Draft: Thoughts on Workflow, BPMN, BPM, Batch jobs, Integration Patterns, Spring Batch and Spring Integration
Raw thoughts on BPMN, Java Workflow, etc.
Use Business Process Management Engine to get visibility into the process of push (Activiti) abbreviated BPME
Use Enterprise Integration Patterns approach for messaging/eventing between processes (Spring Integration) abbreviated EIPM
Use it to message to the BPME
Use it to kick off other processes
Use it to integrate via adapters XMPP, JMS, AMQP, FTP, etc.
Use it to publish events that other processes want to listent to
Use recoverable batch processing management to do our large batch processes (Spring Batch)

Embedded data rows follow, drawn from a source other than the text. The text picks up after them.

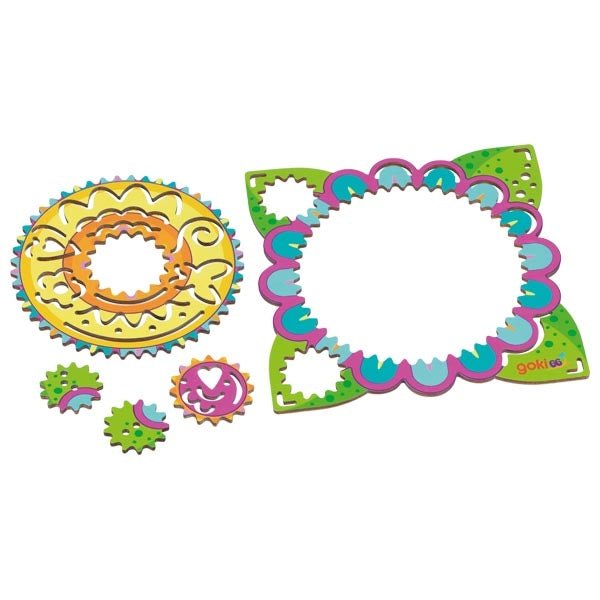Goki - Goki - Mandala Spirograph - Playlaan
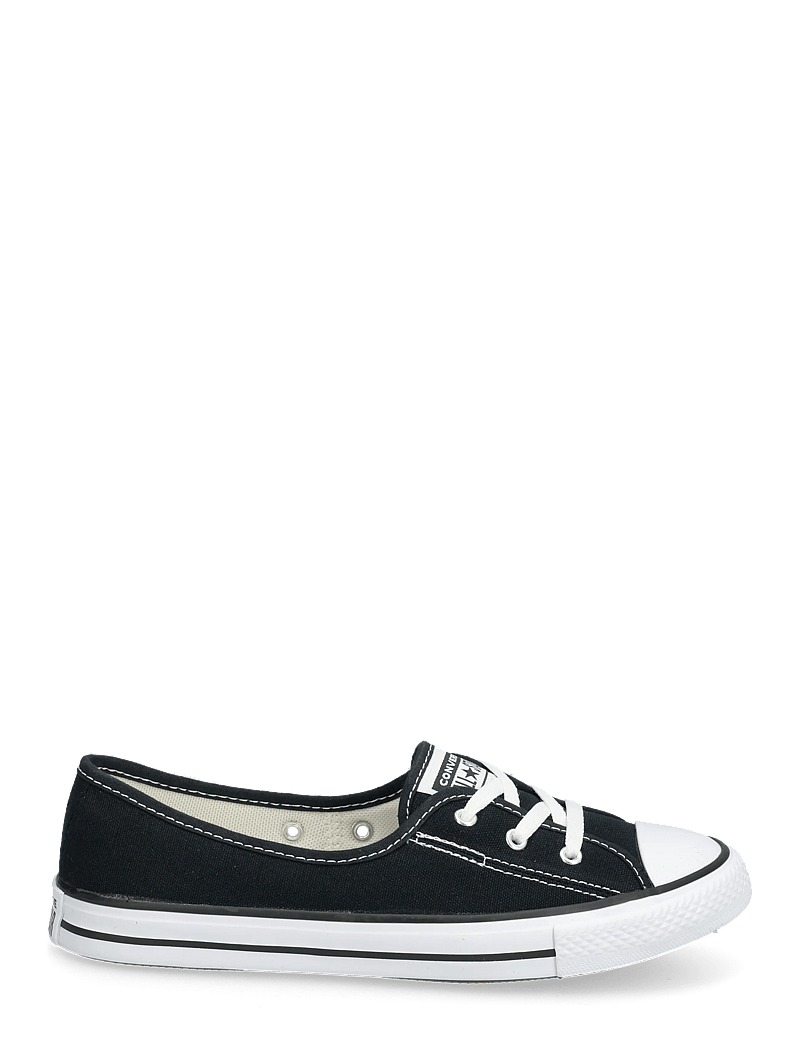 Converse - Chuck Taylor All Star Ballet Lace - niedrige sneakers - black/white/black - 1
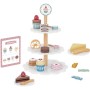 STAND DESSERT ALZATA IN LEGNO PER DOLCI MONI TRADE TJ273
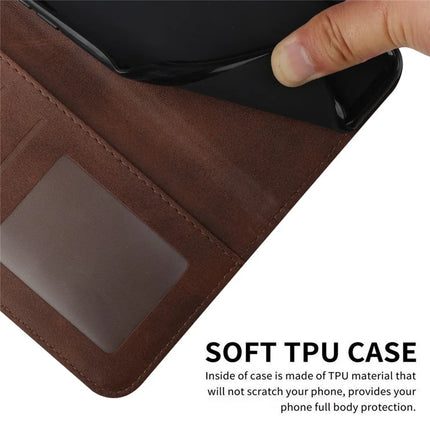 For Motorola Edge 50 Neo 5G / Moto S50 5G / Thinkphone 25 5G Case Stand Flip Protective Leather Phone Cover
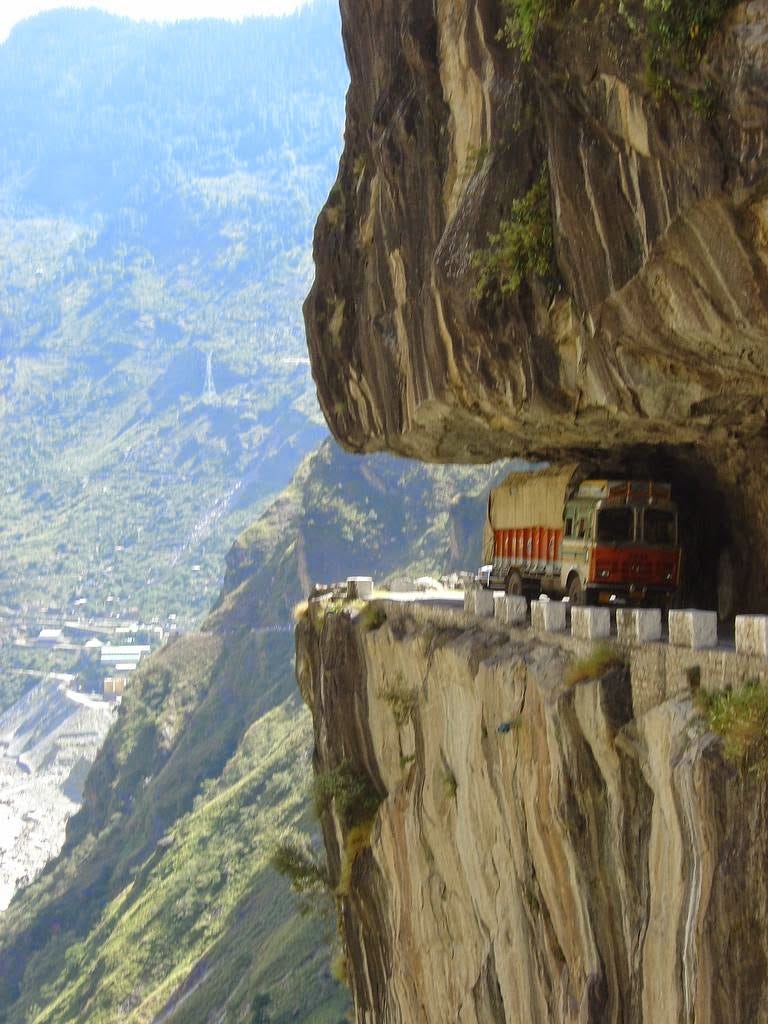 Most Dangerous Roads for Trucks in the World by Ericka Murray Medium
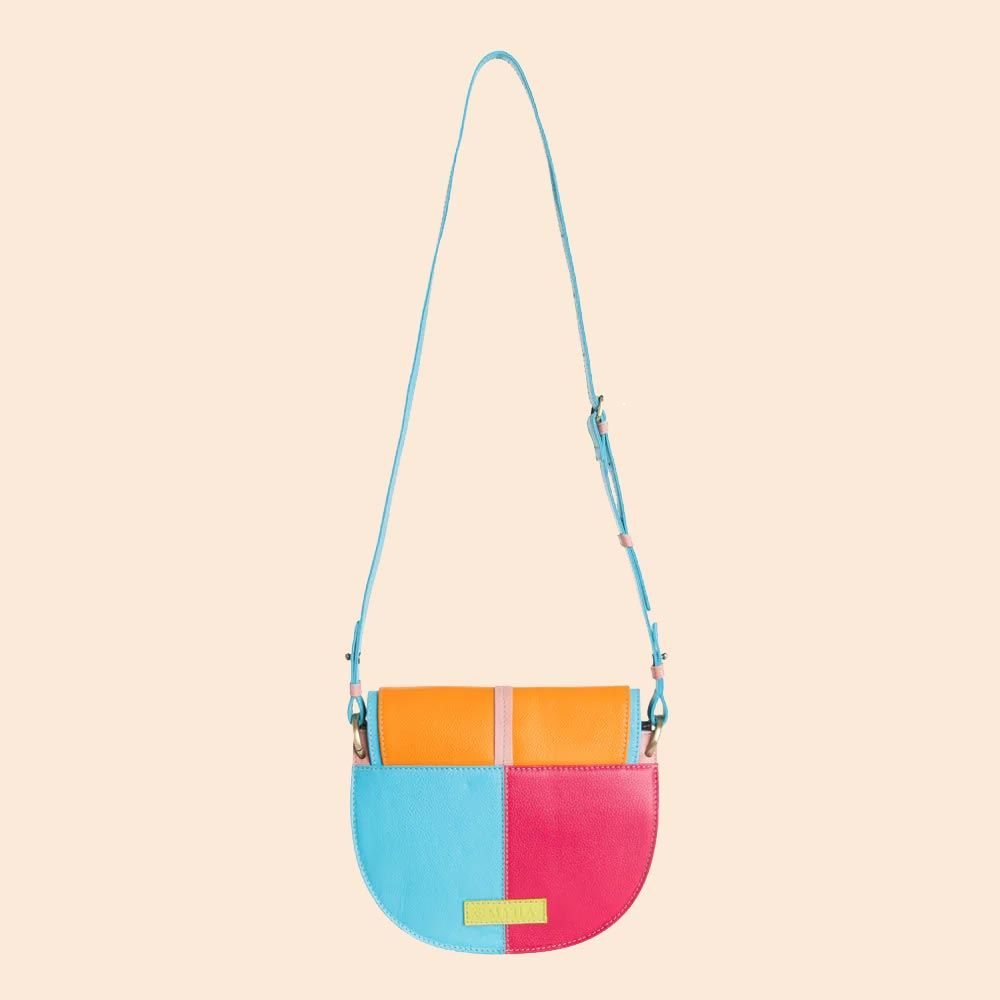 Myra Bag Color Point Half Moon
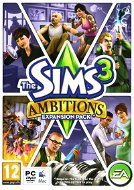 Videójáték kiegészítő The Sims 3 Ambitions (PC) DIGITAL - Herní doplněk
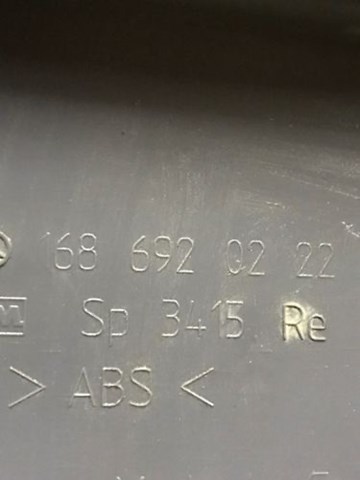 A1686920222 Mercedes 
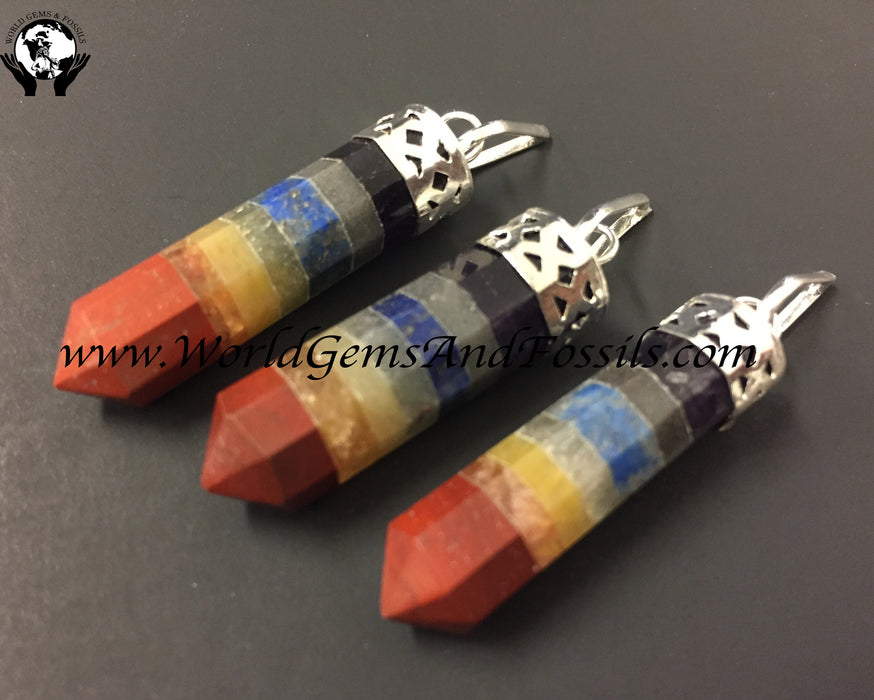 Chakra Point Pendant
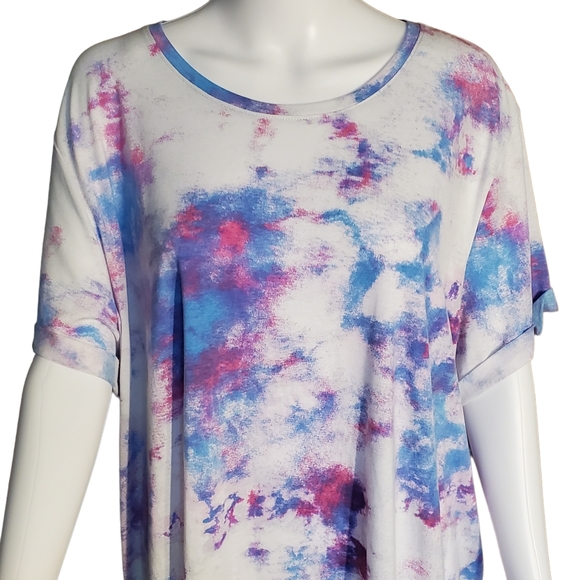 tek gear Tops - Tek Gear tie dye top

Use EIPM to communicate state from batch Jobs/Steps to BPME
Use retry/recover features
Use transaction batching
Use re-entrant features
Use auditing features
This is deliberately vague enough for two reasons 1) I want to use it to solicit feedback from an external audience 2) I don't posses a clear understanding of all of the details of the current process.
Let's say you have the following problem. You have a bunch of producers (photographers, ERP specialists, artist, lawyers, marketing folks, project managers, content providers, etc) who produce raw data into a large raw data database.

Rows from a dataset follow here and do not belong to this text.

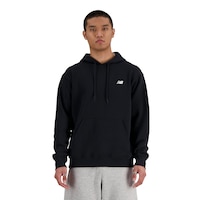 New Balance Men's Sport Essentials Fleece Pullover Hoodie Front_Flat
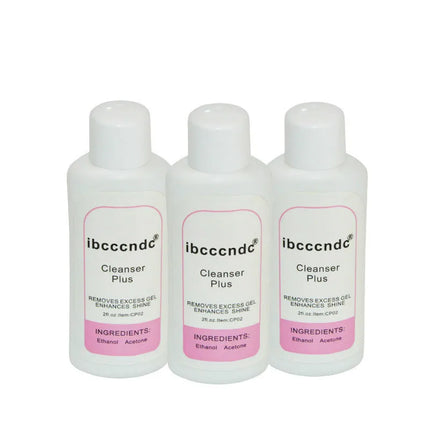 1 Nettoyant liquide 60 ml pour enlever les résidus de vernis gel et vernis à ongles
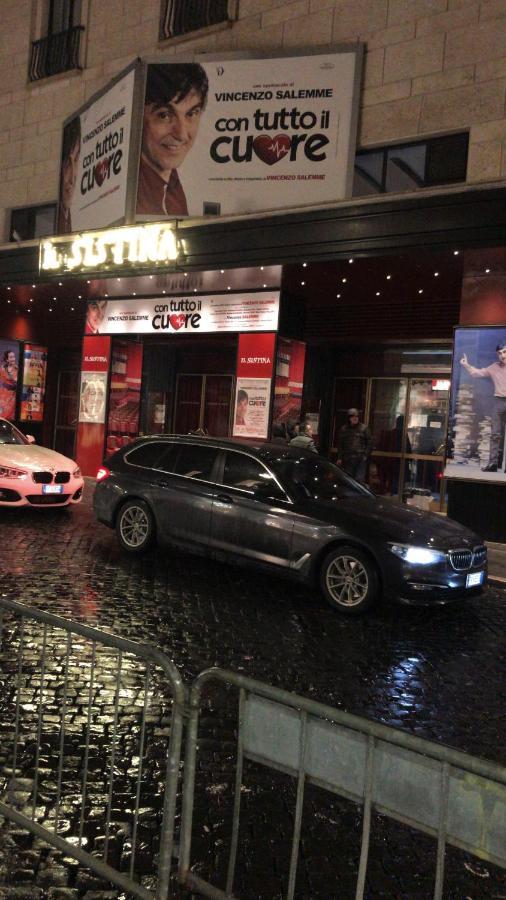 Relaise Luxury Sistina Hotel Rome Bagian luar foto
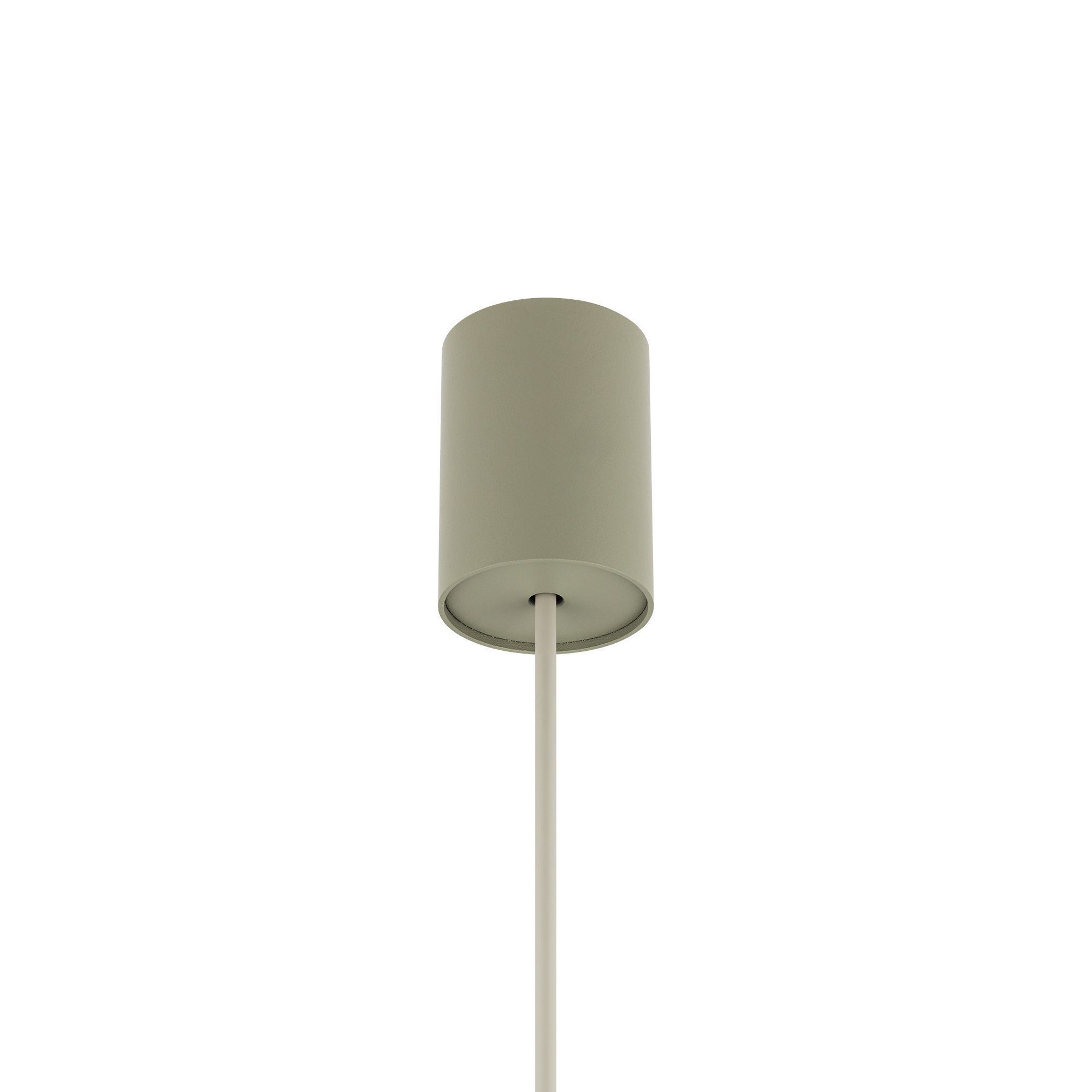 Moderne Hängelampe Stahl GX53 rund Ø40 cm Salbei Grün Pendelleuchte, Lampe, Beleuchtung, Hängeleuchte, Deckenleuchte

The data in this raw data database is managed by a series of admin tools, and content tools. There are 30 some tools.
This raw data database consist of a highly normalized version of the actual data. It also consist of tabular business rules and metadata.
Later this raw data is pushed to the live working system.
The push process goes something like this.
The raw data is converted into domain objects by a decision support system.
The rich domain objects may nor may not end up in one of 20 or so data marts (fully relational operations data).
Later this richer domain data is further filtered by a variety of things for a variety of reasons (vague enough).
Some of this richer data is then copied into Service level caches (think memcache).
Then there are content caches (think file systems).
Then there are edge content caches for images, PDFs, and videos (think Akamai).
To simplify, the process is something like this:
Transform raw data into rich domain objects using DSS
Filter rich domain objects into many different operational data marts
Populate Service Caches
Populate Content Caches
Populate Edge Content Caches
To keep it really simple it would be:
Transform raw data into domain objects
Push domain objects to various data marts
Again realize that most of the above is somewhat contrived and in reality way oversimplified.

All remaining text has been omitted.